From the regional estimates, the European region had the highest T1DM incidence rate with EUR A leading all regions at 15.5 (13.5-17.5) per 100 000 child years, and this is followed by the American region, with AMR A having 11.4 (7.8-14.9). According to the WHO DiaMond study, higher incidence rates of T1DM have been observed Europe and North America, mostly due to the fact that most registries in these regions have been established as far back as the 1980s, and are therefore better equipped to collate relatively complete data on T1DM than other world regions . As noted in the introduction, geographical and climatic factors may have also influenced distribution of mean incidence rates of T1DM globally [111,112]. Emerging evidence also suggests that environmental factors are now able to initiate the development of T1DM in genotypes previously not known to be associated with the disease . However, some experts have stated that geographical and environmental influences do not overtly account for the rapidly increasing incidence of T1DM [113,114].
As observed in this study, some studies have also noted that data from African and South East Asia are still relatively sparse, thus making the understanding of T1DM in the regions quite difficult [11,107]. These are therefore regions requiring further epidemiological surveys and research to contribute to better understanding of T1DM globally.
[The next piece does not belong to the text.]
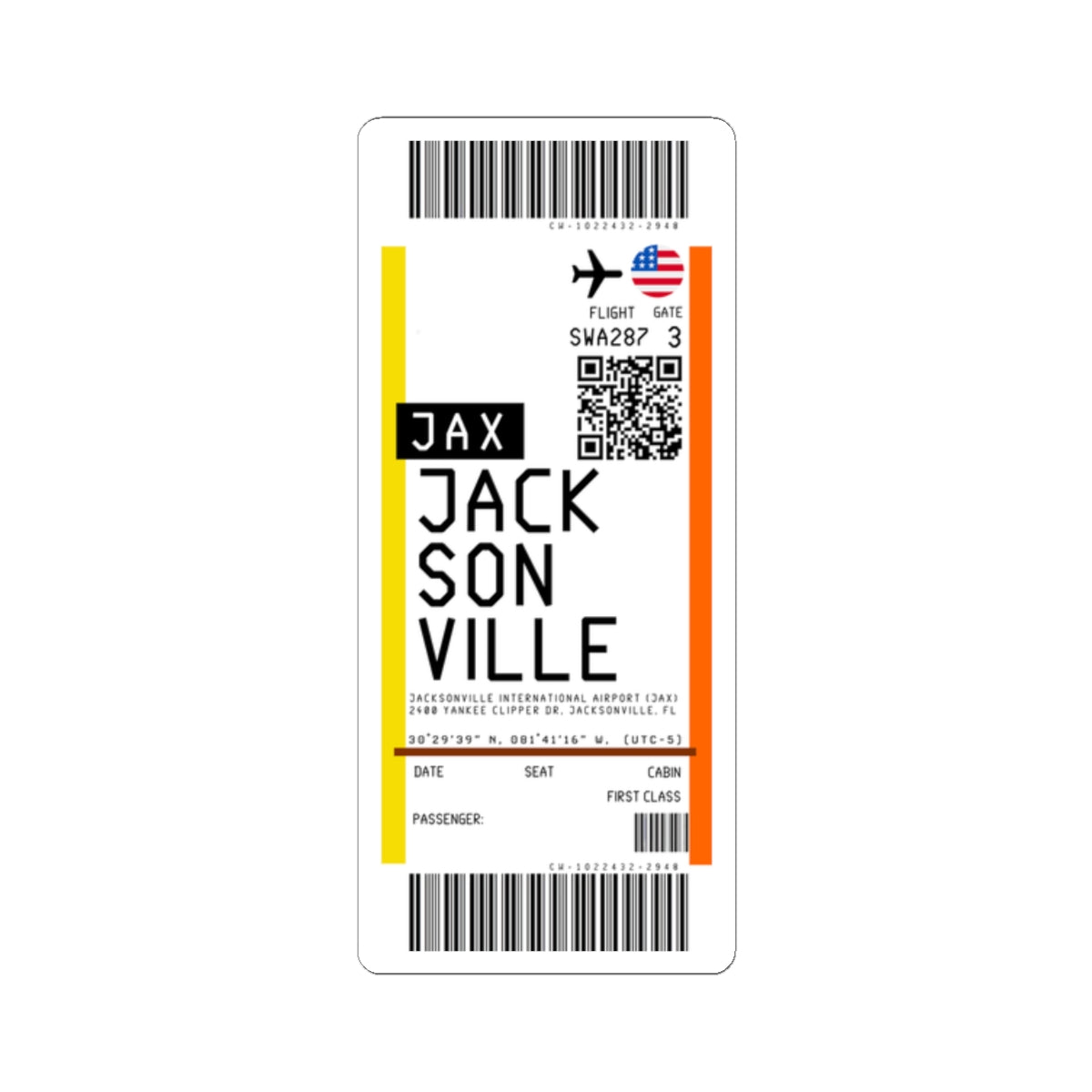 Jacksonville International Airport (JAX) Boarding Pass Sticker — Travel Luggage Decal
This study could have been limited by a number of factors. However, one major constraint, which has already been reported in previous studies, is that most of the publications in this review were from the European region. This implies that estimates may reflect more the conditions in these settings, and may not be generalizable to other world regions. Moreover, with Africa having only one study, it may be important to raise more awareness in this region on T1DM among children aged 0-4 years, especially to support efforts (including availability of insulin) targeted at regions with very low national income, large child populations and poor child health outcomes. Additionally, there were no studies that reported mortality and case fatality rates from T1DM in children aged 0-4 years, as this would have contributed significantly to the understanding of its epidemiology and instituting necessary intervention measures. Largely, type 1 diabetes seems to be another major gap in global child health estimates. While the prevalence and incidence patterns across many child populations appear to be unfolding, it still remains unclear if this would contribute to increase child mortality, especially in the 0-4 years age group. It is however certainly worth addressing in terms of morbidity and mortality in LMICs, as new information is beginning to emerge.